Furieux as a hulk during World War I

Furieux was condemned on 29 July 1913 and was struck from the naval register on 27 November. The ship was slated for disposal when on 31 January 1914, the Navy decided to salvage the boilers, as they had not seen much use, so they could be sold. No work had begun on the project by the time World War I broke out in August, and all work in the shipyard that was not essential for the war effort was halted. The Navy decided on 8 December 1916 to use the ship in explosives tests, but no records of the tests, or whether they were even carried out, have been found in the French naval archives. The government instructed the shipyard in Brest to begin dismantling Furieux on 5 November 1917, but again, no work was carried out at that time. Over the course of the next six months, easily removable equipment, including bronze piping, valves, and bearings were salvaged from the ship, but on 4 April 1918, the government ordered the shipyard to stop work.

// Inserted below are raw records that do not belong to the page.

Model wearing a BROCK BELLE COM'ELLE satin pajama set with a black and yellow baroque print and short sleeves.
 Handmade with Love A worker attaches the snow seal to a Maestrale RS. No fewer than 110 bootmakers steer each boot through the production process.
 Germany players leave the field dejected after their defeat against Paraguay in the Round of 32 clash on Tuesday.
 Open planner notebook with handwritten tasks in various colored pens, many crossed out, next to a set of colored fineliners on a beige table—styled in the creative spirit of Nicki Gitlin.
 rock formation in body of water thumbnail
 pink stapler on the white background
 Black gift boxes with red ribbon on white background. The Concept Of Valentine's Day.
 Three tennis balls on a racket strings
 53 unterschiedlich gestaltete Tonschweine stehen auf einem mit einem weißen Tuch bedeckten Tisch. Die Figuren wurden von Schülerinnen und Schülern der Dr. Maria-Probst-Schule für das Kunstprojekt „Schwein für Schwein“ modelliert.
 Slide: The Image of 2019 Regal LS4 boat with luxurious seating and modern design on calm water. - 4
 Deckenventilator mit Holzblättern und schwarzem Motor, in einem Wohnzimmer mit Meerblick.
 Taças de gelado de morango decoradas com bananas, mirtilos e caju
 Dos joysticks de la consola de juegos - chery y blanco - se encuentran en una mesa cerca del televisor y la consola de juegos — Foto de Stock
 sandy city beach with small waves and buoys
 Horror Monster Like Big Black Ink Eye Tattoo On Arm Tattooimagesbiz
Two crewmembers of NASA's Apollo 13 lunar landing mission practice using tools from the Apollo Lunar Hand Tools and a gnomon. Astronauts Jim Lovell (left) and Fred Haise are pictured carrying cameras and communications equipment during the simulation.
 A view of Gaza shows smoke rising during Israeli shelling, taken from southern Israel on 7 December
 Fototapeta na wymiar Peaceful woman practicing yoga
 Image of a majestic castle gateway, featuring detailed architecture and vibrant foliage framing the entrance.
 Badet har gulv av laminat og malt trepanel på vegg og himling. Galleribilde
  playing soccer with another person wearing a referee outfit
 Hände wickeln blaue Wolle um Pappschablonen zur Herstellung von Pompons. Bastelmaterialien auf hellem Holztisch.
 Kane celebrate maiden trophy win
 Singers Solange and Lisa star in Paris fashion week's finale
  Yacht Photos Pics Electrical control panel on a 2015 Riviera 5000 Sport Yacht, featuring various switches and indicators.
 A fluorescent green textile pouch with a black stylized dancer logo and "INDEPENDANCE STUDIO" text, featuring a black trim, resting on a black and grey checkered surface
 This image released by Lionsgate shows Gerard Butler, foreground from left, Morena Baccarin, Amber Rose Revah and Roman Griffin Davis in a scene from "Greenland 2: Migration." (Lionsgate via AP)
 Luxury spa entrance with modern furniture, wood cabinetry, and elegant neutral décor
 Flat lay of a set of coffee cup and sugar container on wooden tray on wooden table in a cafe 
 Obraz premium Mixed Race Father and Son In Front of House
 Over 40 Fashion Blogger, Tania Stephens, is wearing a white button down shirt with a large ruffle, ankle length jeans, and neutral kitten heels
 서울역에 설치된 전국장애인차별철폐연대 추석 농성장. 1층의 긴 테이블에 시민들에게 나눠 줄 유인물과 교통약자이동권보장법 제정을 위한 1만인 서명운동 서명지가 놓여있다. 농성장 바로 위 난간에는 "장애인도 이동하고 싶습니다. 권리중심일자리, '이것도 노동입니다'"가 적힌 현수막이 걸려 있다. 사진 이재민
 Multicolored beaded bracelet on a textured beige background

The ship breaking firm Jobson & Sons offered to buy Furieux and the old pre-dreadnought battleship on 7 December 1920, but the government deemed their offer of 30,000 francs to be too low. By that time, Furieux had sunk at her moorings, while Charles Martel was leaking; the latter was towed off to be patched and sold, while Furieux remained on the harbor bottom. Plans to raise the wreck were too expensive, so she was offered for sale in situ on 26 April 1921. No bids were received until 26 December 1923, when the ship breakers Muzio-Olivi & Caselli, from Marseille, offered to buy the wreck with certain requirements, but the government declined. The wreck was finally sold on 3 July 1924 for 1,000 francs to a salvage company that did no work on the vessel. The government once again tried to sell Furieux in an auction on 3 October 1930, which once again failed to solicit a buyer. Feron believes that "the hull therefore seems to have remained where it had sunk...its present condition is unknown." The naval historian Stephen Roberts agrees, noting that Admiralty charts note the location of the wreck, the condition of which also describes as unknown.